Como eu desejei responder assim: Sim, dona insuportável. De fato é uma prévia do que quiser chamar, pois estou fazendo isso inteiramente contrariada, mas ao invés disso eu sorri e respondi, como uma boa moça que era.

— Me desculpe, claro que ser doutora como a senhora sempre sonhou me enche de orgulho.

— Essa é minha garota, as outras mães da nossa comunidade estão morrendo de inveja sabia. Ouvi algumas delas dizer durante um ensaio do coral que seus filhos mal conseguiram passar para a segunda fase do processo de vestibular, e veja só você, uma futura doutora.

— Que maravilha não é.

E assim ela me deixou em paz com o papo da mala.
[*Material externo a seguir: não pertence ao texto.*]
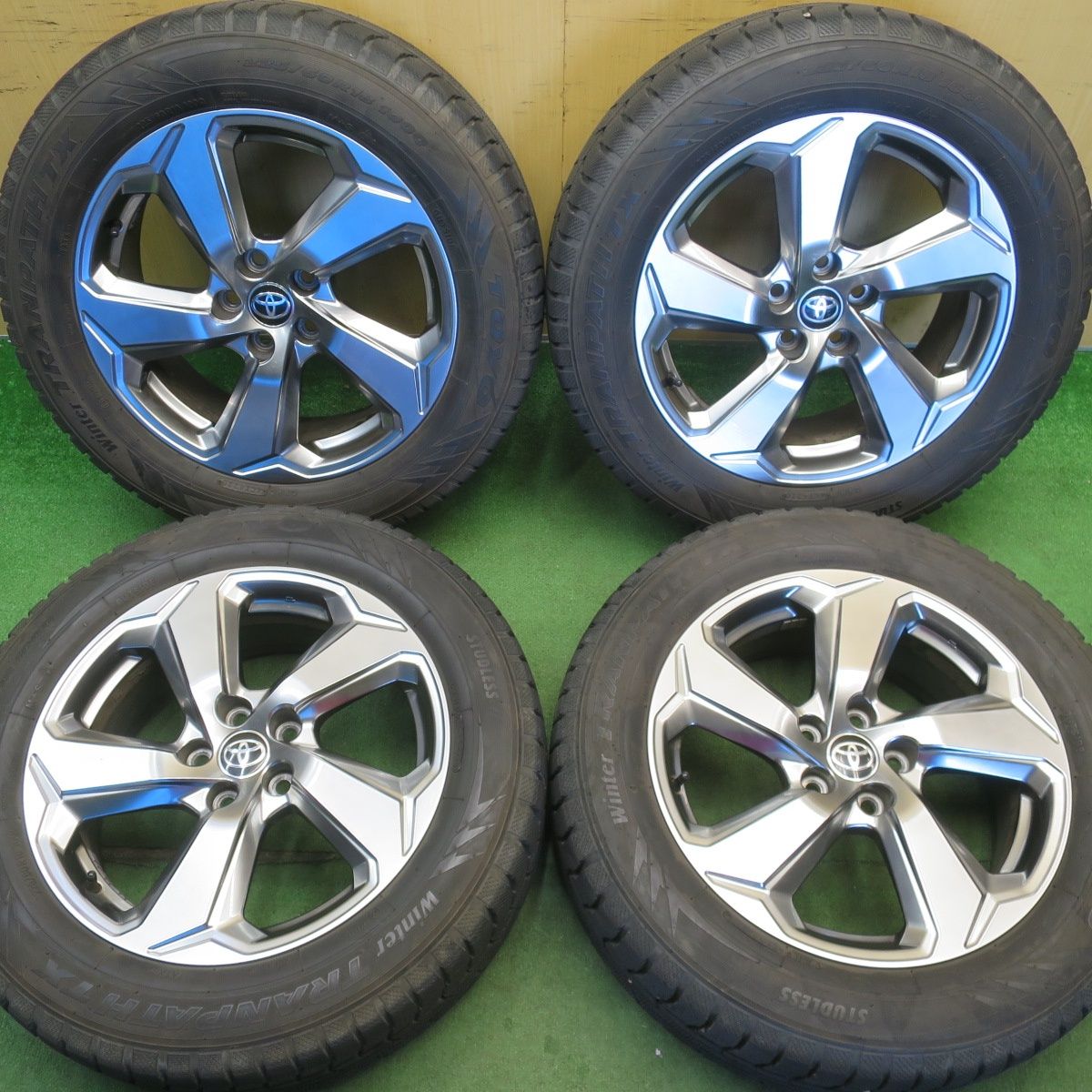 バリ溝！キレイ！9.5分★トヨタ RAV4 Gグレード 純正 225/60R18 スタッドレス トーヨー ウインター トランパス TX 18インチ PCD114.3/5H★6051003NJス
Iria começar uma nova vida, isso era tudo o que eu havia decidido, e lhe mostraria o que novo significa.

Não demorei nem meio segundo para agarrar minha mala e ir em direção ao portão, mas claro que a comitiva de despedidas já estava a postos aguardando para dizerem suas últimas palavras na tentativa de me manter como eles haviam me deixado por todos esses anos.

— Não se esqueça de quem você é, heim. — Falou meu avô me apertando em seu abraço fantástico.

— Que tudo corra bem e nunca se esqueça de fazer as orações durante o dia. Não deixe que esse mundo te corrompa. — Foi a vez da minha avó.

— Bom, já conversamos muito e tenho certeza que vai se comportar como deve. — Minha mãe falava com um tom brando, estava mesmo convencida de que eu continuaria sendo a mesma garotinha que ela estava acostumada.